There are a couple of tricky parts for a novice. First, a rather long and unpleasant learning experience for me was figuring out an effective way to quickly refresh the entire test environment. In those days, we had to restore a rather large database, reboot all the servers, and reinitialize our monitoring instruments. Though you can still use this approach, there are newer and faster alternatives, such as database snapshots and—my current favorite—restoring a VM and/or VM snapshots.
Don’t be afraid to abort the test if things go awry early on. And, as mentioned earlier, only change one aspect of the SUT per test iteration.
You must determine which server you’ll use to monitor your SQL Server and the location of any monitoring log files. The best practice is to monitor the SUT remotely, so it isn’t encumbered by the overhead of collecting metrics and/or writing to the same I/O subsystem used by SQL Server.

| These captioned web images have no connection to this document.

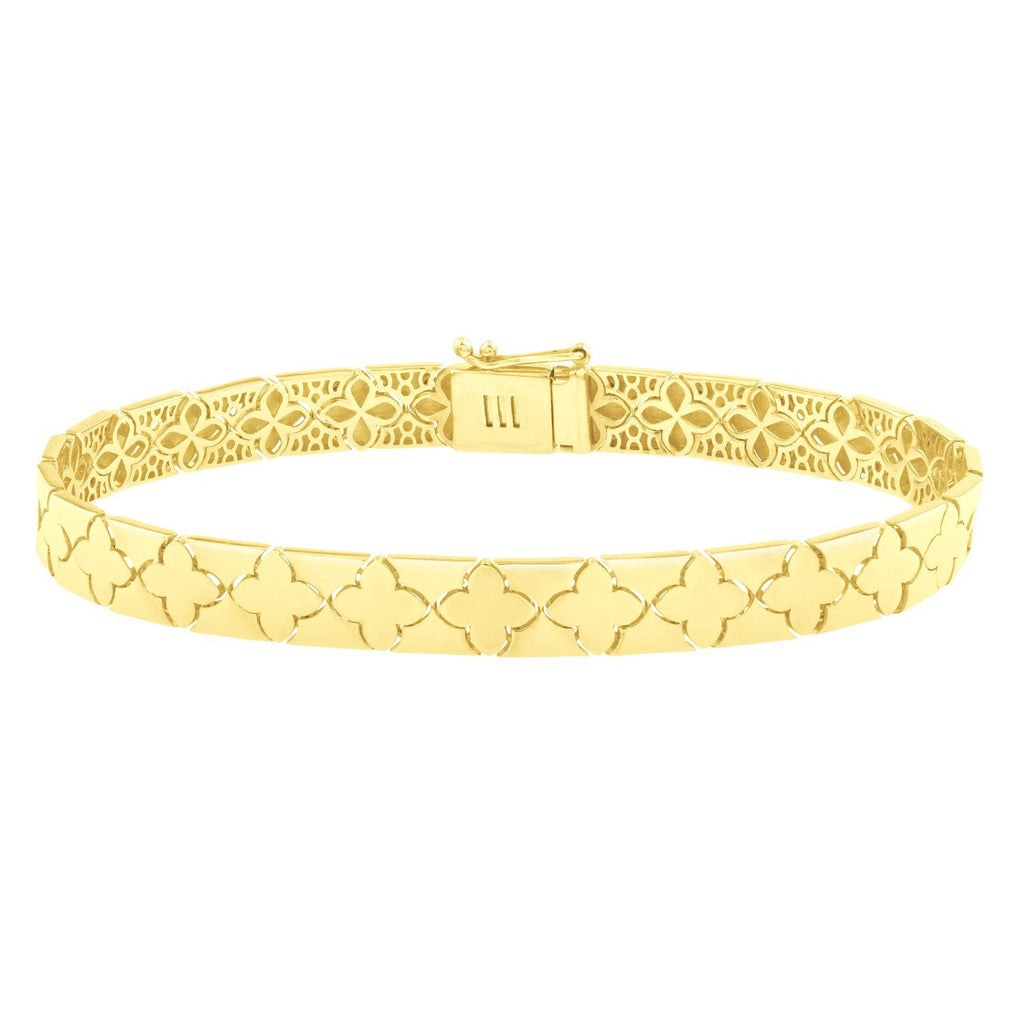 14k Yellow Gold 7 inch Clover Bracelet (6.50 mm)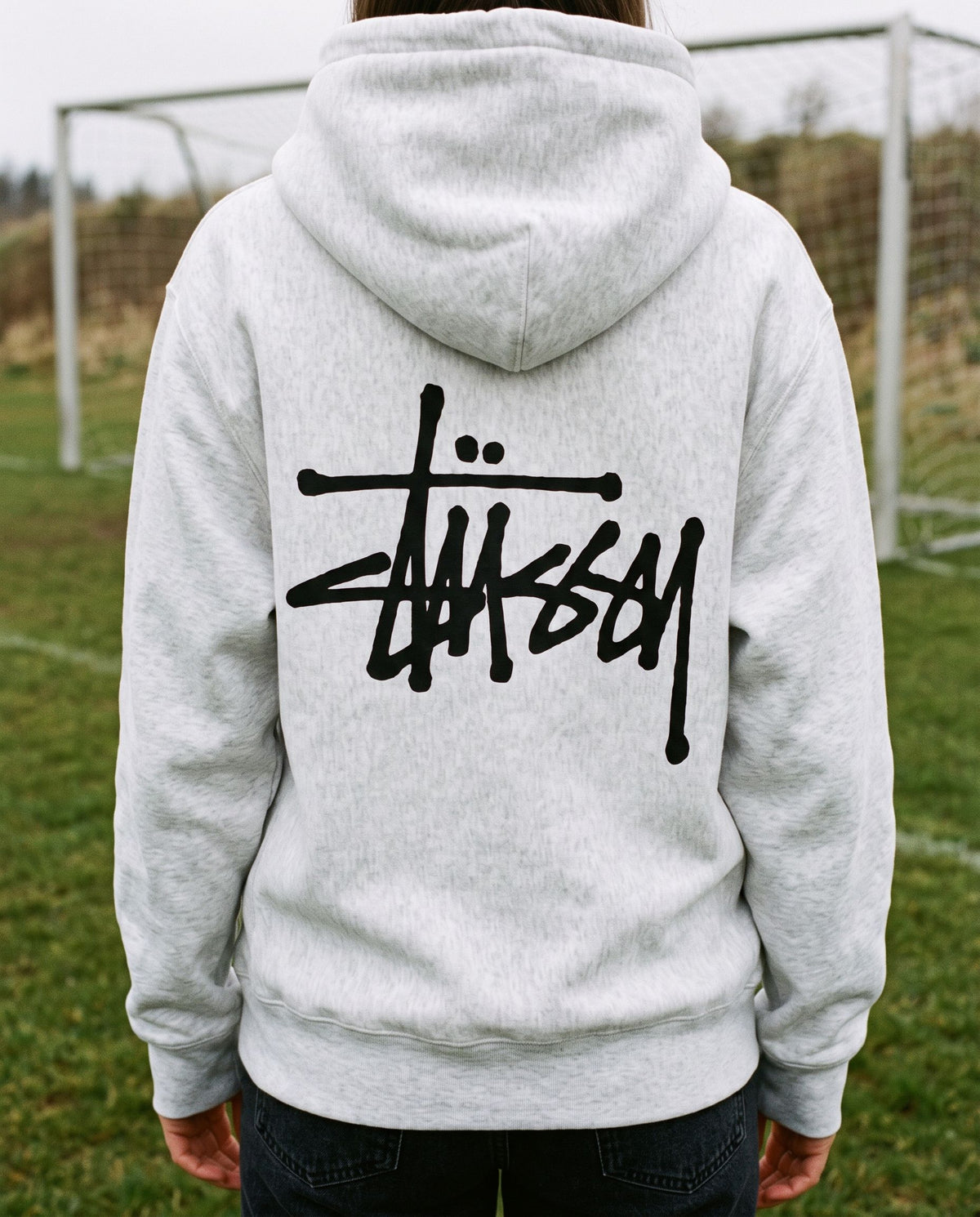 Stussy Basic Hoodie Ash Heather - detalje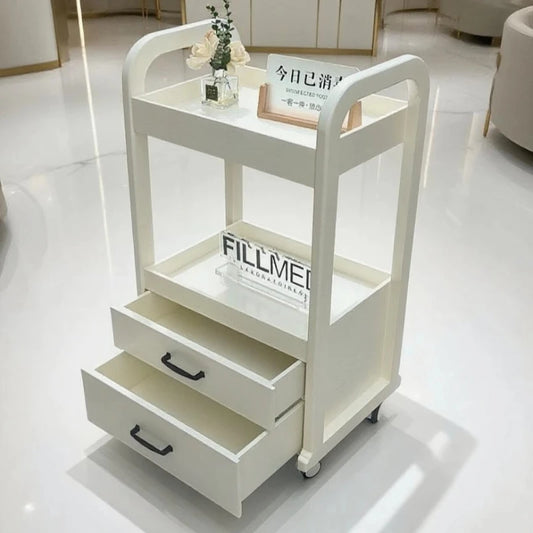 Light wood color premium beauty cart with drawers, mobile salon trolley and professional makeup storage cabinet for spa and salon use.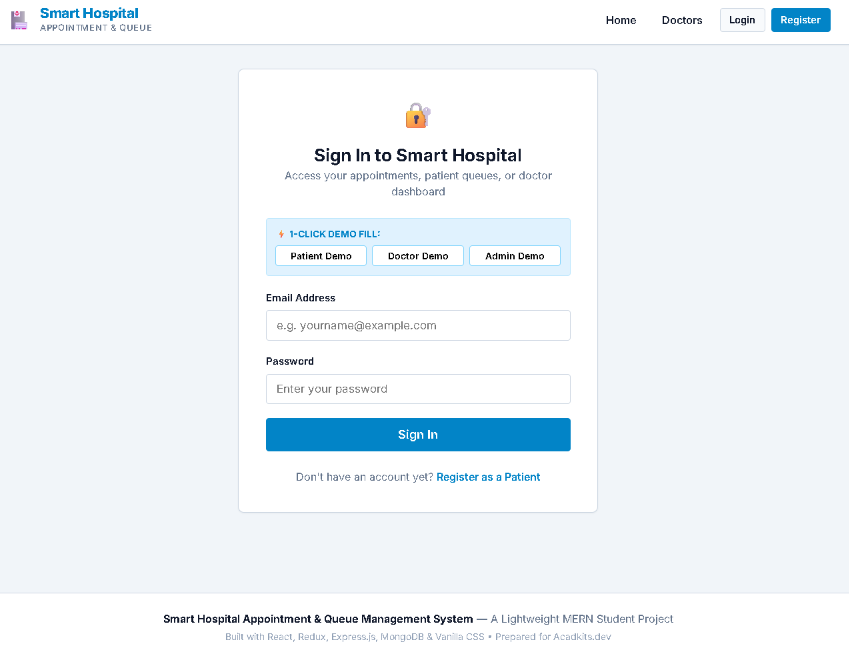Smart Hospital Appointment & Queue Management System screenshot 4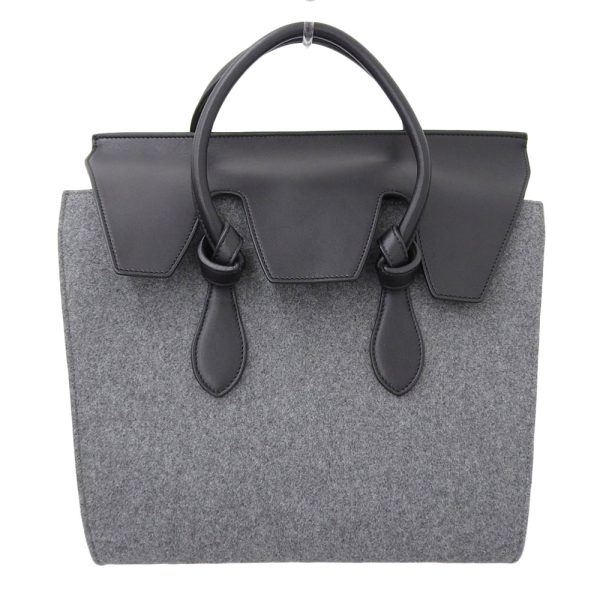 tk21b0619005 1 Celine Tie Bag Handbag Felt Leather Gray Black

Because of these performance concerns, the use of performance counters may need a bit of tuning. You’ll need to carefully evaluate the number of metrics and polling frequency offering the best mix of insight versus overhead. For the initial baseline, however, it’s recommended to use as many counters as desired with the highest frequency available. Subsequent tests can collect fewer metrics and/or at a lower polling frequency. Once you have some experience evaluating the resulting data, you’ll probably begin to limit the collections. In the absence of any other recommendations, collect the following throughout the baseline or benchmark test:
Don’t forget about TempDB! TempDB is a major source of resource consumption and contention on many multi-database systems. Collect information about TempDB performance as you would any other production database when you test.
Long experience at assessing and interpreting the results of baselines has taught me not to rely on large tables of data with many data points. The mind glazes over quickly. Don’t throw away the source data held in the monitoring log files. Instead, use Microsoft Excel® to load the monitoring log data into a single graphic representation you can understand. It provides enough information to interpret the results and makes it easy for you to understand the overall trend of the performance metrics.
Write a summary document to record your findings!
The summary document is the second most important product of a baseline or benchmark test. For baselines, the document should summarize things like common statistical values for important metrics, including minimum, maximum, average, median, and mode values. For benchmarks, the document should also summarize any important extrapolations and trends learned in the test. For example, in a benchmark to see how the current server performs with database compression enabled, the document might summarize that for every X amount of buffer used with compression enabled, CPU utilization increases by Y percent.
The summary document should also consider the impact of important system processes. For example, the SUT might be able to sustain a higher number of concurrent users except during the preventative maintenance cycle due to resources required for processes like backups, DBCC processes, or index maintenance. Similarly, the document should consider important business cycles, such as the end of month accounting close or an important peak usage time.
Many IT teams make the mistake of thinking about their baselines and benchmarks as self-contained artifacts. However, you’ll find the real value of both baselines and benchmarks when their findings are used to fortify monitoring and alerting for your SQL Server instances. Your baseline provides context for alerting and reacting to problems.
If you haven’t already done so, it’s urgent for you to implement an ongoing, 24/7 database monitoring and alerting system based on your findings. Find out how SolarWinds SQL Sentry can help you today!
After spending all this time describing how to collect a baseline and how to run a performance benchmark, here’s some wonderful news: if you use SQL Sentry, you don’t have to do either one. SQL Sentry comes with built-in temporal baselines visible in the upper right corner of the dashboard, as shown in Figure 7.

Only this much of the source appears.